I've come to disagree with the idea of downsampling your data by default. Today, if Prometheus offered me the possibility, I would not use it for as long as possible. The core reason is the same reason as why statistics should be gathered in raw form instead of sample to sample deltas; you can down-sample on the fly to go from high resolution to low resolution data, but you can never up-sample. Once you discard your high-resolution data, it's gone for good. So by default you should avoid losing data for as long as possible.
The two big reasons to use downsampled data are that it doesn't need as much disk space and you don't have to scan and process as much data when you're looking at it. But both are operational issues. If you had infinite space and infinite processing capacity, neither would matter and it would work just as well to keep high resolution data. So in the pragmatic world, I believe that you should default to keeping your metrics data in its original form until you're forced to change that.

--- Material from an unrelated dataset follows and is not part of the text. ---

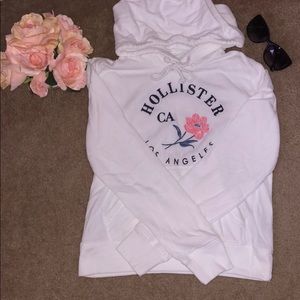 Hollister: White hoodie with floral design.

(Of course this is where one side of things notes that metrics data is already downsampled from the original, which is either extremely fine-grained moment to moment statistics or observability traces. But everything is a compromise. We use the default Prometheus scrape interval of 15 seconds for our host metrics, not because I thought it through carefully but because it's the default and it seems to work okay for us.)

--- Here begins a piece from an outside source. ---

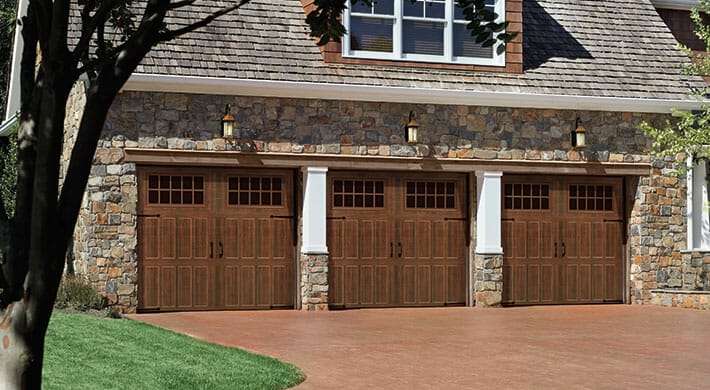 Three Amarr Classica Garage Door Carriage House Garage Doors in woodtone installed on a house.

I can't definitely say we've ever required our full resolution data from a year or two years ago in order to solve a problem. But at the very least it's reassuring to me that I have that fine-grained data, if only so that if I ever need to run a detailed comparison between performance now and performance a year ago, I can be confident I have just as good data for then as I do for now.

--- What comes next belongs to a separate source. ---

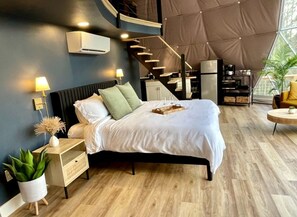 A modern bedroom with a bed, bedside tables, a small plant, and a staircase leading to an upper level. - Spacious Dome with Lofted Interior and Furnished Deck in Kentucky (Cadiz)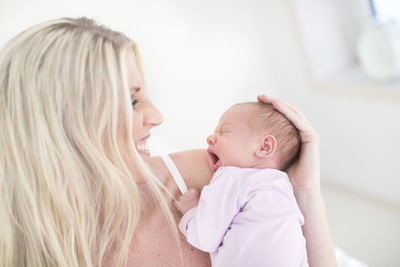 Woman holding yawning newborn daughter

PS: I agree that it would be nice if Prometheus had native support for downsampling data, instead of forcing you into various hacks in order to implement it externally (hacks that I'm not sure work very well if you want to set them up after you've accumulated a lot of historical data). But I think of this as a separate issue from whether you want to downsample by default.
The size of our Prometheus setup as of May 2021
At this point we've been running our Prometheus setup in production since November 21st 2018. This start date matters because one of our peculiarities is that we have yet to expire any metrics; we've kept everything back to the start of production, which means that we now have about two and a half years of accumulated metrics. We're still running Prometheus on the same hardware from the end of 2019, with its database stored on a mirrored pair of 4 TB drives. So here's some numbers about that and other aspects of our setup, partly because I want to record them now.
At the moment, we have 2.1 TB of Prometheus database (out of what
'df -h
' rounds to 3.6 TB in the filesystem), and we're consuming
about 2.8 GB of additional space each day. We should last at least
another year at this rate, but not two. At that point we will
probably upgrade the server's database disks to a pair of larger
HDs; I'd guess that we'll aim for 12 TB or 14 TB HDs to have many
more years of room. Hard drives have provided enough performance
for us, and as usual it probably helps that we almost never look
very far back in time from right now or scan large ranges.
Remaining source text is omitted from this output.